The Supreme Court, in a landmark judgment, has clarified several long-standing issues surrounding the pledge of dematerialized (“demat”) shares. Most importantly, it held that the invocation of a pledge under the Depositories Act and DP Regulations does not constitute an “actual sale” of shares.
How
does a pledge work?
·
A pledge is a security arrangement under which a borrower
provides securities as collateral.
·
Upon creation of a pledge, the securities in the borrower’s
demat account move from the ‘free balance’ to a ‘locked-in/encumbered’ status
in favour of the lender.
·
Once the loan is fully repaid, the pledge is released and
the encumbrance is lifted.
·
If the borrower defaults, the lender may either sue for
recovery and retain the pledged shares as security, or invoke the pledge
and—after giving reasonable notice of sale—sell the shares to a third party.
·
The invocation process involves instructing the Depository
Participant to transfer the pledged shares from the borrower’s demat account to
the lender’s account to enable a lawful third-party sale.
Supreme
Court’s landmark ruling clarifying legal position on pledge of shares
The
Supreme Court (in the case of PTC India Financial) held that there is no
conflict between the Depositories Act, 1996 (“DP Act”), SEBI (Depositories
and Participants) Regulations, 1996 (“DP Regulations”), and the provisions of
the Indian Contract Act, 1872 (“Contract Act”) in the context of a pledge of
demat shares.
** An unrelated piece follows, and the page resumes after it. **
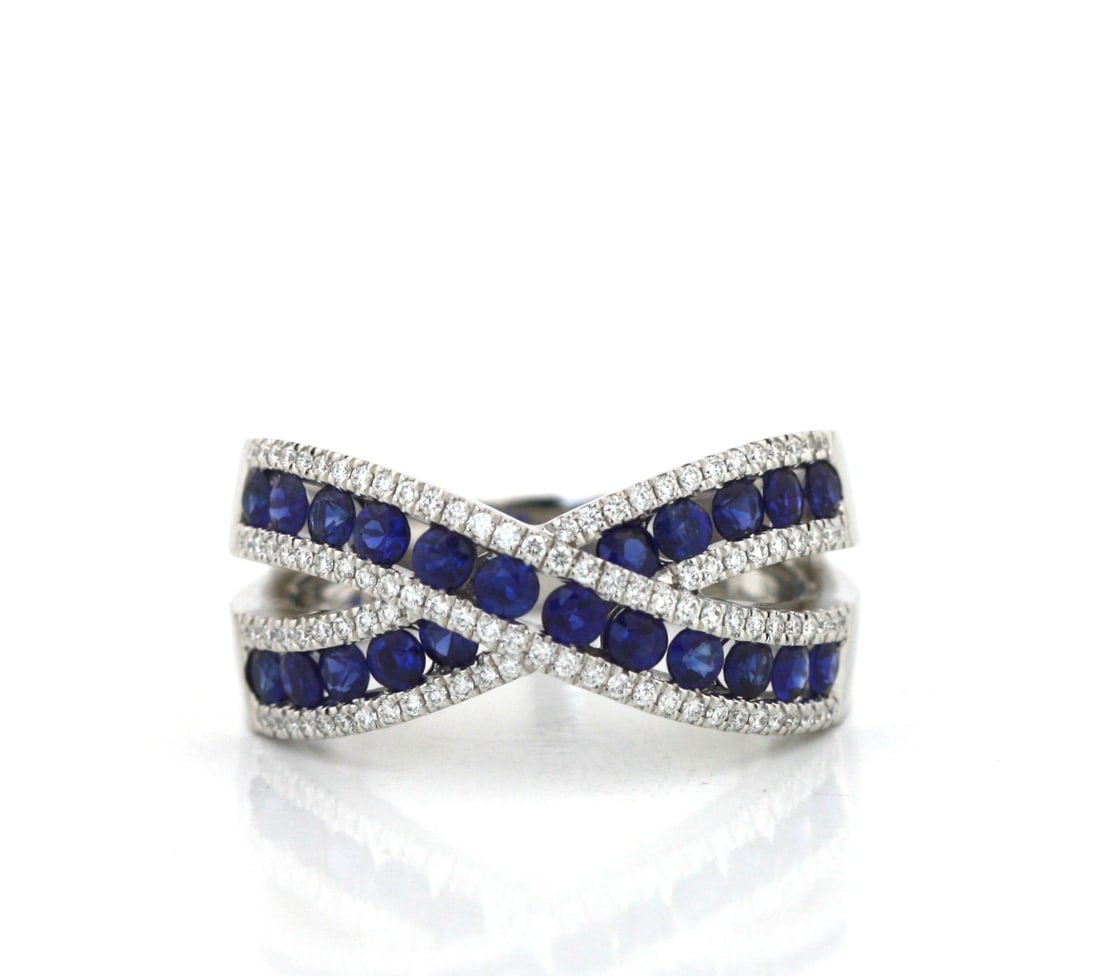 Sapphire and Diamond Crossover Ring: Sapphire and Diamond Crossover Ring in 14K White Gold. Designed in a contemporary crossover motif, the ring is set with twenty-two oval-cut sapphires weighing approximately 1.95 carats total, accented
The Supreme Court overruled earlier High Court decisions that
treated DP Regulations as inconsistent with the Contract Act in the context of
the pledge of demat shares.
Key
principles emerging from the ruling
·
A lender has only a special property right in the
pledged shares—not full ownership
·
A lender may retain the pledged shares or sell them after
giving reasonable notice, but becoming the “beneficial owner” upon invocation
is merely a procedural step under depository law
·
It does not amount to an actual sale or transfer of
ownership, which remains with the borrower until a genuine third-party sale is
completed
·
Registration of the lender as “beneficial owner” is required
only to enable a lawful sale; it does not transfer substantive ownership
·
The borrower’s right to redeem the shares continues even
after invocation and is extinguished only upon such third-party sale
·
Importantly, the lender cannot sell the pledged
shares to itself
Treatment under SEBI Prohibition of Insider Trading (PIT) Regulations
Under the SEBI PIT Regulations, creation, release and invocation of a pledge are treated as “trades” to prevent abusive practices. As a result, these transactions may trigger pre-clearance requirements, disclosure obligations and trading-window restrictions.
Key Takeaways
While the Supreme Court holds that creation, release and invocation of pledge do not transfer ownership, the PIT Regulations treat these steps as “trades” for regulatory purposes. Thus, (i) Creation and Release of Pledge, though legally not a transfer of ownership, attract PIT compliances; (ii) invocation of pledge, though merely procedural in law, continues to be treated as a trade under PIT Regulations; and (iii) both the Supreme Court and SEBI PIT Regulations recognize actual sale to a third party as the point at which ownership truly changes.
Given the divergence between legal principles and regulatory treatment, companies and designated persons should exercise enhanced diligence in all pledge-related transactions to ensure both legal and regulatory compliance.